Ora, a Gil Vicente não dava honra nem proveito entrar em
conflito com o Rei, nem com a sua Real
Consorte. Então por que teria ele
escolhido o Ermitão para alvo da sua
crítica?
Em primeiro lugar Gil Vicente queria
apresentar concretamente ao público o asno a
transportar Inês. Para isso, tinha de haver um
caminho a percorrer e a Ermida vinha a
preceito. Em segundo lugar, tratando-se duma
jornada religiosa, o marido de Inês podia
acompanhá-la sem suspeitar de nada. Depois,
andando o Ermitão a pedir de porta em porta,
era fácil e natural o seu encontro com Inês,
pelo que o Ermitão salvava a verosimilhança.
Havia, ainda, a opinião (ou a conveniência!),
partilhada por boa parte da sociedade
inculta,
de que as relações com gente da Igreja não
eram pecaminosas, opinião aliás já sugerida
por um clérigo no verso 161 da farsa: «Isso
não releva nada». Finalmente, o nosso mestre
dramaturgo arranjou uma oportunidade para
criticar os falsos religiosos.
Os judeus casamenteiros: Latão e Vidal
Os judeus casamenteiros, Latão e Vidal, são
talvez as figuras psicologicamente mais bem
tratadas da peça. Não são imorais, mas
amorais. Conheciam bem os defeitos do
Escudeiro, mas também não ignoravam que Inês
era preguiçosa, vaidosa e leviana. Por isso
zombam dos dois, jogando com os seus
defeitos. As suas palavras, em catadupa,
elogiam e depreciam ao mesmo tempo,
revelando um pessimismo consciente sobre os
homens. Têm externamente uma atitude
bajuladora, mas na verdade as suas
afirmações podem ser entendidas como
críticas severas e justas.
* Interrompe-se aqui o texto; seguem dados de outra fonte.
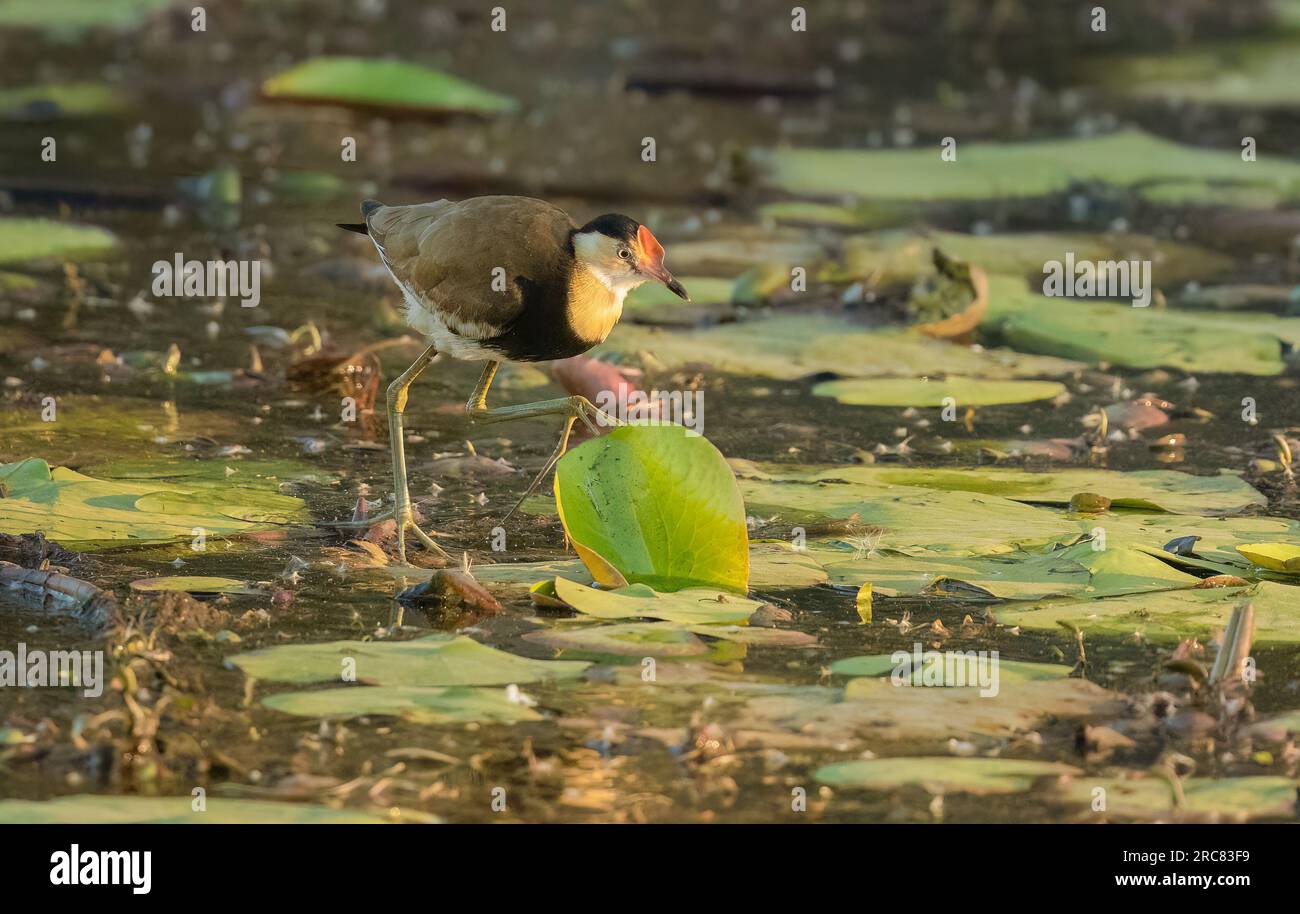 La Jacana (Irediparra gallinacea), nota anche come Lotusbird o Lilytrotter, altre specie di jacana, è adattata alla pianta galleggiante Foto Stock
Inteligentes e
voluntariosos, adaptam-se a todas as
atividades e vingam-se, em ferroadas
discretas, de séculos de iníqua perseguição.
Na sua versatilidade e penetração
psicológica estão mais próximos da
alcoviteira típica do que Lianor Vaz. Tipos
tirados da realidade quotidiana, os judeus
por aí andam ainda, menos casamenteiros mas
não menos desonestos.
Fernando e Luzia
Formam um oásis de bondade e de pureza, de
simplicidade e de ternura na seca
perversidade da peça. São uma espécie de
ideal de vida – sem ambições, nem maldades.
As suas palavras são de amizade e de
esperança, mas as suas canções são de
desencanto e morte.
Fruto de uma espécie de admiração por eles
ou então de um desejo secreto de ter sido
como eles,
parece entrever-se em Inês, a garça ferida,
um momento fugaz de comoção, um vago
arrependimento e pressentimento. Mas isso -
malvado Escudeiro! – não há de persistir nem
frutificar.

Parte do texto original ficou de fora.